SOURCE INFORMATION START
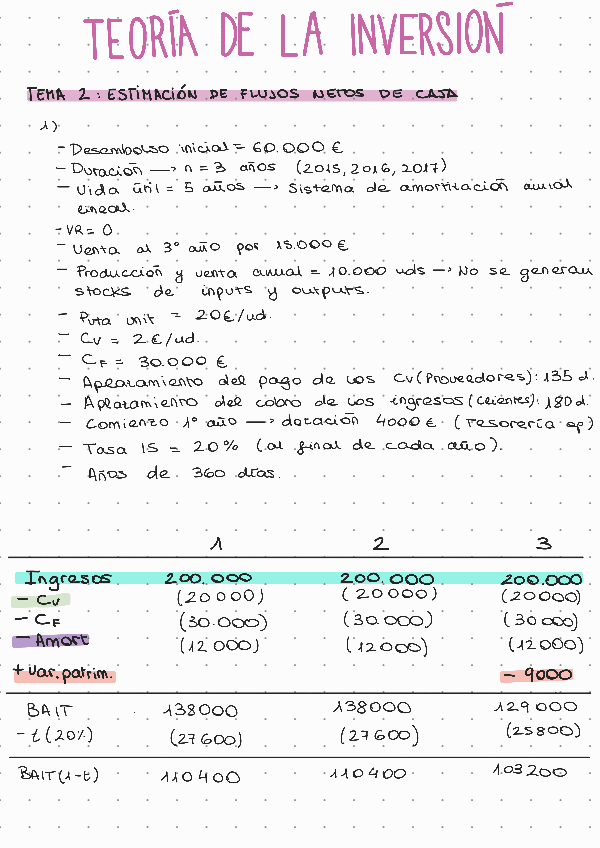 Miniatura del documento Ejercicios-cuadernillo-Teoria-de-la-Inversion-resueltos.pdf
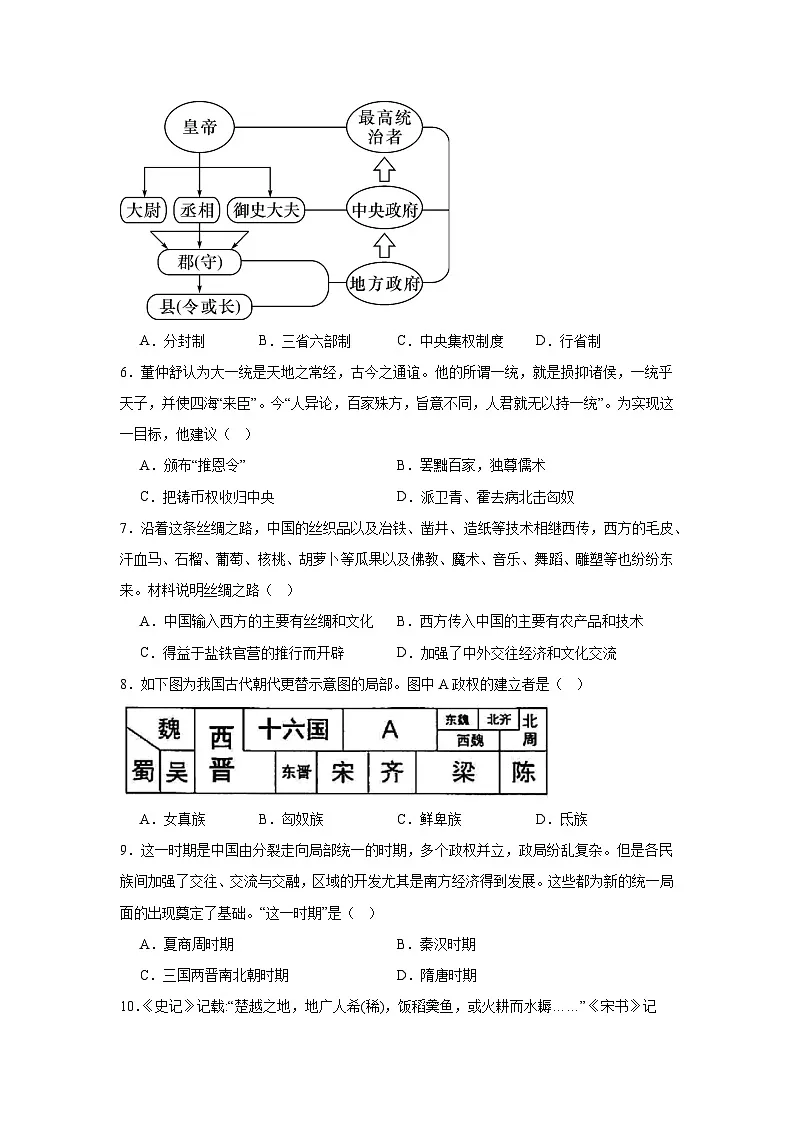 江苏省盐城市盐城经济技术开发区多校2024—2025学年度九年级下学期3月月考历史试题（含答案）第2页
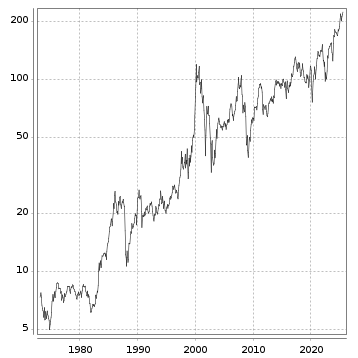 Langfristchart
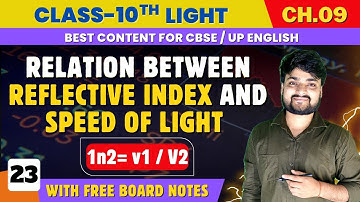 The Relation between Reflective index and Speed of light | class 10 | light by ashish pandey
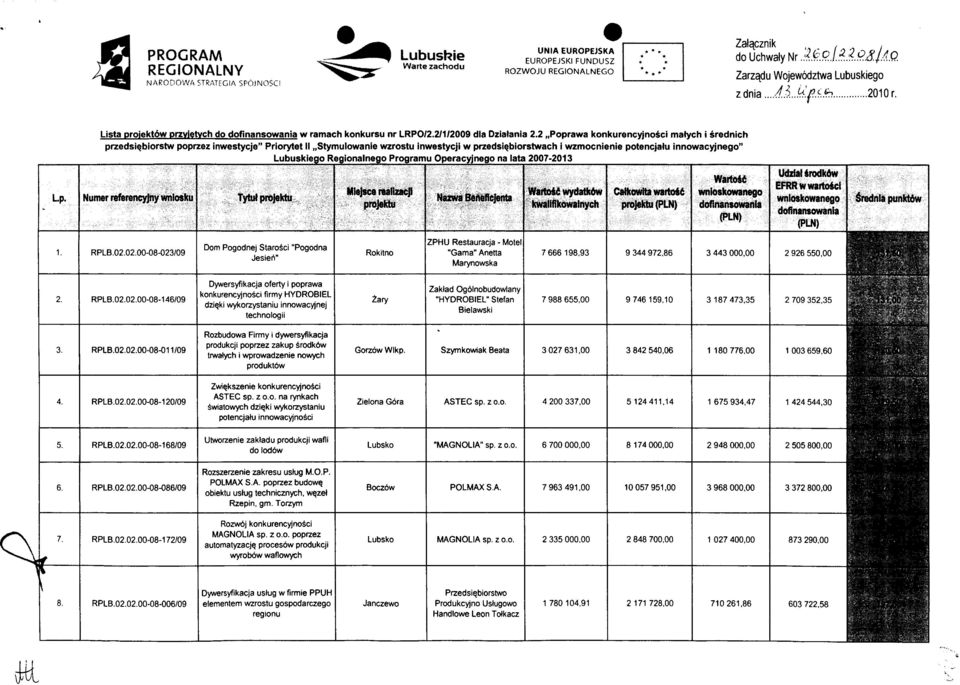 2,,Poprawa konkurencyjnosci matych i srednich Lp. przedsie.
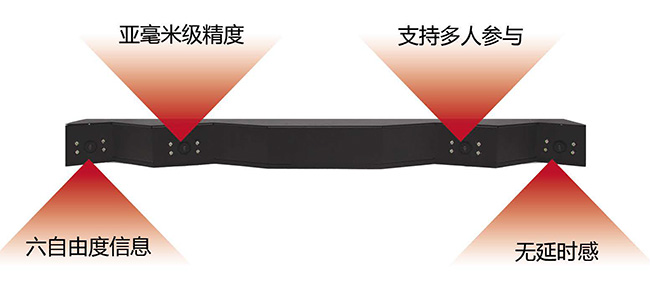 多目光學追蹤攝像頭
SOURCE INFORMATION END
[EXERCISE AIM] The records above should be duplicated exactly, with none of their pictures kept.

[RESULT FOR THIS EXERCISE]
 Miniatura del documento Ejercicios-cuadernillo-Teoria-de-la-Inversion-resueltos.pdf
 江苏省盐城市盐城经济技术开发区多校2024—2025学年度九年级下学期3月月考历史试题（含答案）第2页
 Langfristchart
 The Relation between Reflective index and Speed of light | class 10 | light by ashish pandey
 2,,Poprawa konkurencyjnosci matych i srednich Lp. przedsie.
 多目光學追蹤攝像頭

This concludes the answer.